There’s no chance that we didn’t notice the clouds that
should’ve formed.”
I grin at him
easily, never betraying the anxiousness that roils in my stomach and
the sleepiness that threatens to make me drop where I stand. “We
have faeries who are good at manipulating the weather hold off the
chill for as long as we can. Fae like the warmth, and we don’t
so well in the cold.”
“And-
what, when winter finally catches up with you, it’s terrible
and huge?” Alexander’s tone communicates exactly what he
thinks of my suggestion.
Catching Alex’s
disbelief, Lindon’s hackles rise. “She’s not lying.
We can’t lie, or have you forgotten?”
This seems to
unnerve Alexander. “I’d forgotten, but-“
Arianna drains
her wine, as if our bickering is making her tireder and tireder. She
drawls, “Never forget your enemies’ weaknesses, Alex.”

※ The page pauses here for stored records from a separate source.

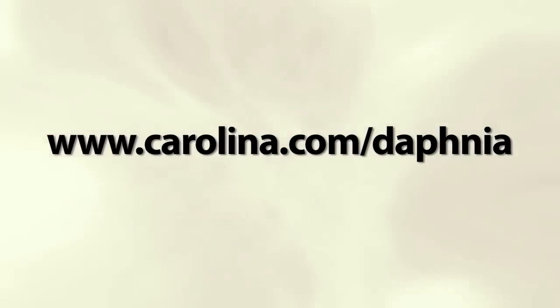That's the basics of care and handling of Daphnia. Visit Carolina.com/Daphnia to see all of our Daphnia related products.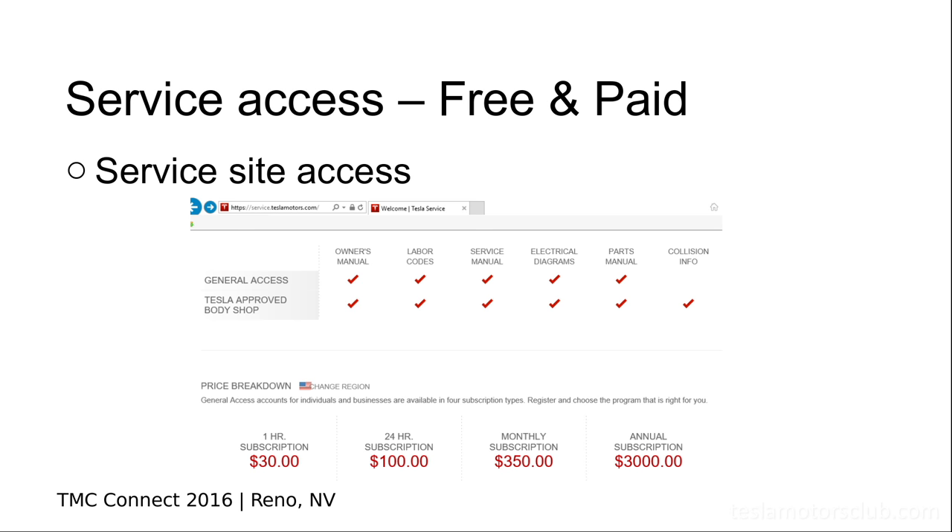Tesla's service site is the same one the techs use in the shop, and they offer it to the public. Free access gives you technical service bulletins. In some states like Massachusetts, where they have right-to-repair laws, they have to give you all the service data. They'll give you the service manual, but they won't give you the service software — so you can't do everything the techs do. As more states have that legal framework, you'll probably see more access, and I think Tesla will offer more to the public.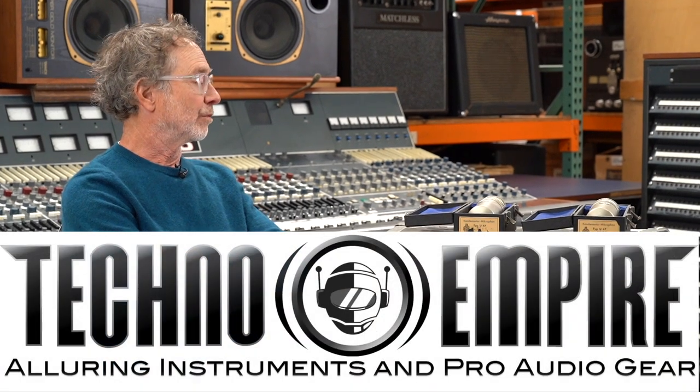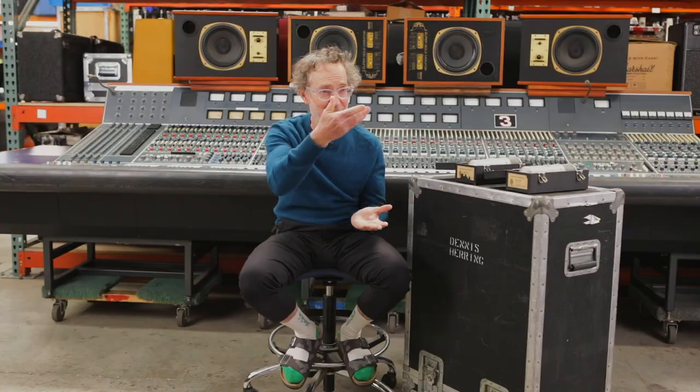We all know what these are. I think everybody knows at this point what a real U-47 is, and these are real U-47s.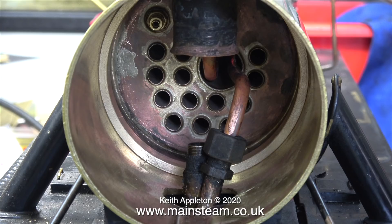Unfortunately you can't see the wet header because the petticoat pipe's in the way. I'm going to make this petticoat pipe much easier to remove than it currently is. I'll show this in another video, as well as the final silver soldering of the superheater element.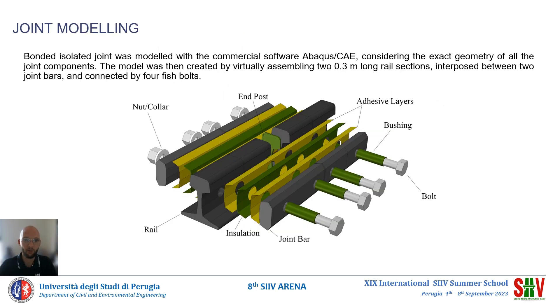In the second phase of our study, we focused on finite element simulation of the joint using ABAQUS software. The joint was modelled according to the geometric specifications of the Italian operator, by examining two sections of rail, each 30 cm long. In addition to the rails, the joint bars, bolts with nuts, and insulation materials were modelled. The resin used to bond the joint was included in the model using cohesive behavior. The focus of the analysis was to evaluate the interaction between the bolts and the holes in the rail. The end post was not included in the model because it does not contribute to the mechanical interaction investigated.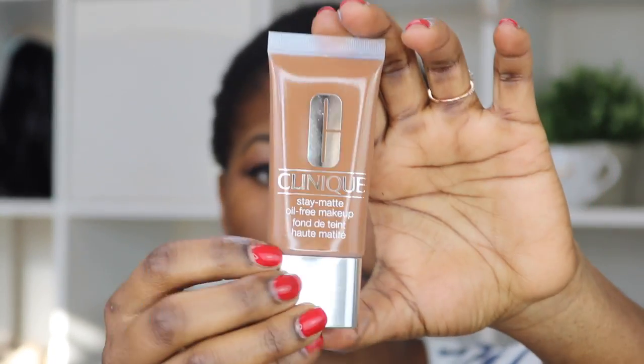I'm going to go ahead and put glue on the lashes and do foundation and everything else while the glue dries up, and then I'll put the lashes on. For the foundation, I use the Clinique Stay Oil Free Foundation.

A lazy smile splits her face after she warns him, and she tumbles
into the sofa.
Refusing to feel
annoyed at her actions, I instead concentrate on a way for us to get
to the castle. “If the snow doesn’t stop, we’ll go
through the catacombs. I don’t know of an entrance, but I
should be able to feel the nearest one.”
Lindon, too,
seems weary. As I watch him, I pour myself another glass of
thrallwine and down it, not entirely sure why I’m drinking so
much but not wanting to stop, either. My father used to drown his
sorrows in drink a few times a year- never often enough to worry
anyone, but often enough that I wondered often, when I was young,
what the toll would be on me to rule someday.
A bitter voice
in the back of my mind pipes up, You’ve found out now,
haven’t you? I ignore the thought and take a long drink of
the wine, closing my eyes against the troubles that have befallen us.
When I open them
again, Lindon stands over me , his brow furrowed. “I think
you’ve had enough to drink, Rionach.” When he reaches for
the glass, I give it compliantly enough, but the pounding in my head
comes back.
A crashing
sounds from downstairs, and I’m on my feet immediately,
searching for the threat. Everyone’s weapons are out-
Alexander’s staff is out of it’s sheath, Arianna holds
two wicked-looking pistols in her hands, and Lindon and I have our
daggers out.
When Cora storms
up the stairs in a maelstrom of fury and disappears into the bedroom,
slamming the door behind her, we exchange careful glances before
sheathing our respective weapons. Drian follows a few moments later,
looking furious himself.
Still, I’m
surprised when he visibly straightens, looking at us and sighing,
tucking his anger away for later. “Please excuse her- she’s-
we’re” He grasps for words, but eventually gives up.
“Your highness,” he says to me, “I’ll get a
message to you later.” Bowing, he stalks into the room after
Cora, and their muffled voices rise in pitch again.
The rest of us stare at each other for a moment before Alex clears
his throat. “Well, we had better get going, then. You said
something about catacombs, your highness?”